Wyciągnij z szuflady biżuterię z PRL. Te dodatki wracają do łask
Biżuteria z okresu PRL-u wraca do łask i na salony. Jak się okazuje, dzięki niej można nie tylko wyglądać modnie, ale także nieco się dorobić. Ceny niektórych dodatków zwalają z nóg!
Biżuteria PRL-u: wyjątkowo wytworna, jak na tamte czasy
Biżuteria z okresu PRL-u odwzorowywała styl, ale i możliwości tamtych czasów.
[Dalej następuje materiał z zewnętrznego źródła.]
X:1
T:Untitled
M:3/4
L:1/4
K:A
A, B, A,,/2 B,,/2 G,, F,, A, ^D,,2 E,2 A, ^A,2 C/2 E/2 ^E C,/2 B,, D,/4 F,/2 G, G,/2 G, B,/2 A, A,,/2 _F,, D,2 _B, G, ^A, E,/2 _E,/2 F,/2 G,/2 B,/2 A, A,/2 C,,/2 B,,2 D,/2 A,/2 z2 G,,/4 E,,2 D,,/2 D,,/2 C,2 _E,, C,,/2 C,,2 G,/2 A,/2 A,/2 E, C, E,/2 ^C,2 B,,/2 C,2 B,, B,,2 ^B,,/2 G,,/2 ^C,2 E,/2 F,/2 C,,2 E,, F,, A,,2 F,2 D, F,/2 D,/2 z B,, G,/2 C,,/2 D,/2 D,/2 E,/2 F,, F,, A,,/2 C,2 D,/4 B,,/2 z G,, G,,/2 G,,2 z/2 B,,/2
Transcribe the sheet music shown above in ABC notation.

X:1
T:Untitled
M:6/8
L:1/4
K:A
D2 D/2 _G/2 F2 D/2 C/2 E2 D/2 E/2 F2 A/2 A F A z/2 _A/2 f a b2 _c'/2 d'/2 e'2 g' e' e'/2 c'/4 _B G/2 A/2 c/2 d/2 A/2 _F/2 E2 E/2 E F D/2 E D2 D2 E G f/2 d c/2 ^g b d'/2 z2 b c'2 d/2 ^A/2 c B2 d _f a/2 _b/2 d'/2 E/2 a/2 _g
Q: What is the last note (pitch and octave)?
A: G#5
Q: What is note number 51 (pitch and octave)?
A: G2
W drugiej połowie XX wieku stanowiła bardzo ważny element mody, a także sposób na wyrażenie własnego stylu w czasach, gdy na dobra luksusowe mógł pozwolić sobie mało kto. Na przestrzeni kolejnych dekad jej charakter ewoluował:
- w latach 60. popularnością cieszyły się delikatne wzory, często z motywami kwiatowymi. Naszyjniki z tego okresu zazwyczaj są długie i eleganckie, a kolczyki przyjmowały formę kropli lub kółek;
- w latach 70. królowały geometryczne formy, a także abstrakcyjne wzory i symbole. Popularnością cieszyły się szerokie, metalowe bransolety, a także duże kolczyki o fantazyjnych kształtach, jak również biżuteria zawierająca kolorowe kamienie lub emalie;
- w latach 80. biżuteria przyjęła formę masywnych i ekstrawaganckich projektów. Medaliony często były duże, a kolczyki przybrały formę krążków i geometrycznych kształtów. Z kolei pierścionki były bardziej wyraziste, a nawet ekstrawaganckie.
Biżuteria z PRL-u warta krocie? Ceny zwalają z nóg
Biżuteria z czasów PRL-u nie tylko wróciła do mody, ale jest także sporo warta. W ostatnim czasie coraz więcej kolczyków, naszyjników czy pierścionków z tego okresu trafia na popularne portale aukcyjne. Ich ceny mogą zaskakiwać. Za srebrny pierścionek można bowiem otrzymać nawet 1,5 tys. zł, a za pierścionek zdobiony bursztynem 1,4 tys. zł.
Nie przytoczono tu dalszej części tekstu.